Oh, Angelo could get riled when his methods were questioned or his moves second-guessed, but what followed was most often a Casey Stengel-style malapropism: the deposed general manager defended the “mythology” of the Bears’ due diligence in the Sam Hurd matter. He meant to say “methodology”; regardless, tortured syntax is a poor substitute for a roiling stream of angry invective.
The waters grew calm with Ditka’s departure. With Emery, the Bears were hiring to a type: a calm, careful consensus-builder with whom they felt comfortable, not a fiery agitator who would keep things edgy.
Some observers see an increasingly powerful hand of Lovie Smith in all this; the coach had a say in hiring the man who will function as his boss, and even before the search began, the Bears made it clear that Smith was being retained.
The declaration was interpreted — and criticized — as a harmful restriction of Emery’s power, but it was purely business: Smith is owed roughly $13 million for the two years remaining on his contract. The Bears are the McCaskey family business, and eating Smith’s contract is an expense they would rather not absorb, especially when they remain quite fond of him.
What matters is whether Emery is up to a job that involves more than finding players — he is setting the course for the entire franchise. It’s only fair to withhold judgment until he has spent some time doing that job, and just as fair to say he is in a tough situation.
He was not a “buzz hire,” like Theo Epstein, whose World Series résumé will buy another round of patience among the longest-suffering Cub fans. He doesn’t have the three-title credibility John Paxson brought to the Bulls’ front office, or the royal bloodlines of the Blackhawks’ Stan Bowman, whose father has more championship rings than fingers.
What Emery has is a reputation as a meticulous, industrious grinder who worked his way into this opportunity by hitting more often than he missed in an unpredictable business. But with a long-sought franchise quarterback on hand and coming into his own at age 28, restless Bears fans don’t want to hear about starting over. Put the right guy in charge and it’s 1985 all over again.

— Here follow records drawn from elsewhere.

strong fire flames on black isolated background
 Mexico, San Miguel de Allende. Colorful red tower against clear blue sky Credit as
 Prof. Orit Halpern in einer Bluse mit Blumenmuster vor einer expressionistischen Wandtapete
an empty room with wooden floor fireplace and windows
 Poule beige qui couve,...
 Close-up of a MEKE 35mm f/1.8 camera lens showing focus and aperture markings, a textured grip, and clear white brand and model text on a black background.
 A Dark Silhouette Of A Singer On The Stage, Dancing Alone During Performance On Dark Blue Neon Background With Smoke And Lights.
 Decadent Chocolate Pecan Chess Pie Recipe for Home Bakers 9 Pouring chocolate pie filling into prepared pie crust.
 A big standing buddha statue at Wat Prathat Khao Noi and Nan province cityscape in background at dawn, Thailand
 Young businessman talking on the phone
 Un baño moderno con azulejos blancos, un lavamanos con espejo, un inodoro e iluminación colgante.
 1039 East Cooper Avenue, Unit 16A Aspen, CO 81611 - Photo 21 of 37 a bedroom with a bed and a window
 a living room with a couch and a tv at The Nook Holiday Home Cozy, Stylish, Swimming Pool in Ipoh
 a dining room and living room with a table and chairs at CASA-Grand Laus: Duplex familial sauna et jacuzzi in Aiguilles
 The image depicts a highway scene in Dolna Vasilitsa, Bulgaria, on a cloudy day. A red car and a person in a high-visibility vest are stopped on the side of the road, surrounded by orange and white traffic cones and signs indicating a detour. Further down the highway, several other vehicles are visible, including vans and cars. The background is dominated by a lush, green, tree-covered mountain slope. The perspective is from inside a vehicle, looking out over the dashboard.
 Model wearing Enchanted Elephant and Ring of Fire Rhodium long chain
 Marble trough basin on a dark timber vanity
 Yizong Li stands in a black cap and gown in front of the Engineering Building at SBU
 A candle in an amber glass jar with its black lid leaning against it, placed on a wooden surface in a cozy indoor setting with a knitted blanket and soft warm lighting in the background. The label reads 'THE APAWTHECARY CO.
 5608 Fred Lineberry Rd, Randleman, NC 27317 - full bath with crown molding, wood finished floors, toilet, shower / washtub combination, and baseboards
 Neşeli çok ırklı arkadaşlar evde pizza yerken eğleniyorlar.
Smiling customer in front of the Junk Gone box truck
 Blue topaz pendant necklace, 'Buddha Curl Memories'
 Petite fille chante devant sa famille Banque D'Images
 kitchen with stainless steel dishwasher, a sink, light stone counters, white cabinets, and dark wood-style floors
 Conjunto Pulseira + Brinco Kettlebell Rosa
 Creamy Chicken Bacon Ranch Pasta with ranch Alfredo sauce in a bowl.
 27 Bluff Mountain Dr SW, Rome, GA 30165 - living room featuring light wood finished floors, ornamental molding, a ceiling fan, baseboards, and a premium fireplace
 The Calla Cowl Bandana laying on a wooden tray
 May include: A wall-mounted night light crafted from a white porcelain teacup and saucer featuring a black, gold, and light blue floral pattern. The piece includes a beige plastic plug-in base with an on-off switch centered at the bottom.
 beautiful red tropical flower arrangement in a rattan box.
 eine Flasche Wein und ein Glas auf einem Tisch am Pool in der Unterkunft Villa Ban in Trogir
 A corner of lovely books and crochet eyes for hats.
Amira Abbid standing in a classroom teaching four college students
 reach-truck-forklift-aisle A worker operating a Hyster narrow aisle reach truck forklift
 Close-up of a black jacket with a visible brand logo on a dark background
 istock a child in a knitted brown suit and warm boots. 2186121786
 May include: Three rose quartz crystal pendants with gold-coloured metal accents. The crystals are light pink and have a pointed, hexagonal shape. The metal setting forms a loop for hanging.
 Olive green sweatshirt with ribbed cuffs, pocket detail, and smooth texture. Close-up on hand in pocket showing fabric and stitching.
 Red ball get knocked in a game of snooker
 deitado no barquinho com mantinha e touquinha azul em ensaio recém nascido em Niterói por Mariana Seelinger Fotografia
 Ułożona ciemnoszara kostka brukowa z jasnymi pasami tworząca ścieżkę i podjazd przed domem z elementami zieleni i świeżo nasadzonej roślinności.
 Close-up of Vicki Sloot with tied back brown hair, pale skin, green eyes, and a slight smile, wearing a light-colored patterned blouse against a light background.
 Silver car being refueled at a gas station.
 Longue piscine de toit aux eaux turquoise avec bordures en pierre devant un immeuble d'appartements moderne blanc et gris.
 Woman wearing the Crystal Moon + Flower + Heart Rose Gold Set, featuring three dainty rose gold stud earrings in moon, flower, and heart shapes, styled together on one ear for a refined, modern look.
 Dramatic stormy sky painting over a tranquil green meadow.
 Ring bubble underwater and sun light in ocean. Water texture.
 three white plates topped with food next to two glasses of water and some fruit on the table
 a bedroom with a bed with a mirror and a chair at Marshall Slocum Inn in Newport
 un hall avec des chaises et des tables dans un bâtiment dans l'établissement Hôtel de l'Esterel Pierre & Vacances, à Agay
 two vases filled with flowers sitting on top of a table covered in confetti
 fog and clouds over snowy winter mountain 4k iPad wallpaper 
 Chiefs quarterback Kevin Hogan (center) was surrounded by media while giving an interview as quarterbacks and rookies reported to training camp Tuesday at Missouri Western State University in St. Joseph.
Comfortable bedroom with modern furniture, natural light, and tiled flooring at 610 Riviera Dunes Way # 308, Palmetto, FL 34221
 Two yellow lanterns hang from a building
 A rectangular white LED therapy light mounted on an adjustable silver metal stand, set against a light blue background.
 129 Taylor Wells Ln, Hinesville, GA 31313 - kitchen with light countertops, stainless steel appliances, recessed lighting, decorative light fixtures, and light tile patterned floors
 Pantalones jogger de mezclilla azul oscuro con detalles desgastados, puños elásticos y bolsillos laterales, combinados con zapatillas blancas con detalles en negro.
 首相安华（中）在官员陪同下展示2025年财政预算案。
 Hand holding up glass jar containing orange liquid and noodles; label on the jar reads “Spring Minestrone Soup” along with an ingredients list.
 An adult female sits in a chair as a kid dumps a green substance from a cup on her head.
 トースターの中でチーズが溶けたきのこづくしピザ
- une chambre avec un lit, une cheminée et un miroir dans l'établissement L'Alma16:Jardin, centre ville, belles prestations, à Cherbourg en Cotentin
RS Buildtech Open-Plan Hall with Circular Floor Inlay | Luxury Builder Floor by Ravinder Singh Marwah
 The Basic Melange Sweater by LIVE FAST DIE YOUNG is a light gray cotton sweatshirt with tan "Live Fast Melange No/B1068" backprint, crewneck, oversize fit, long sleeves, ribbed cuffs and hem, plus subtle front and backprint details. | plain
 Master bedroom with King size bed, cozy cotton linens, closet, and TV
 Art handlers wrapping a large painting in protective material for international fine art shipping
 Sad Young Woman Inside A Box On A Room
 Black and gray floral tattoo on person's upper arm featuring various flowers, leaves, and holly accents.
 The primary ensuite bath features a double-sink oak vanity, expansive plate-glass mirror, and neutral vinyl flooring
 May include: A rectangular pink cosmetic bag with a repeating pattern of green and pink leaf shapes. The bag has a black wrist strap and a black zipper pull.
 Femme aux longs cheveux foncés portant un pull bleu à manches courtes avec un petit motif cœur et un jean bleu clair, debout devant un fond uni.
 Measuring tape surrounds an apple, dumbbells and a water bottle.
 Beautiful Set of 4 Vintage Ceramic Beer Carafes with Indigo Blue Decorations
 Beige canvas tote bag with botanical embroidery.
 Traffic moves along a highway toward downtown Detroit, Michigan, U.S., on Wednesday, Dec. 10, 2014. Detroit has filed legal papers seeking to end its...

Angelo was ousted a year after a fourth division title and a trip to the N.F.C. championship game, the second-best showing of his 11-year tenure. And if the Bears had stolen the two or three wins they needed to secure a playoff berth after Jay Cutler broke his thumb, chances are Angelo would still be around.
But Caleb Hanie’s shortcomings as an N.F.L. quarterback exposed an alarming talent disparity between the Bears and their divisional rivals in Green Bay and Detroit. They masked it for a time with defense, special teams and Cutler’s inspired play last year, but delete the franchise quarterback from the picture and the Bears became the Buffalo Bills West.
Add aging, too. The Packers and Lions were not just better, but younger. Something had to be done.
Sam Hurd’s hiring no doubt hastened Angelo’s departure. The Bears are George Halas’s legacy, and Virginia McCaskey is George Halas’s daughter. She might not be running the team, but she is fiercely protective of Bears history and their rightful place in Chicago. Hurd’s arrest and the scope of his alleged involvement in the drug trade was an embarrassment, compounded by the revelation that he was under investigation in Texas when the Bears signed him.
Hurd was as complicit in Angelo’s dismissal as Hanie. Memo to Phil Emery: character matters as much as 40-yard-dash times in roster decisions.
Then again, Emery didn’t have to be reminded of that. His résumé includes a stop at the Naval Academy, where it matters more.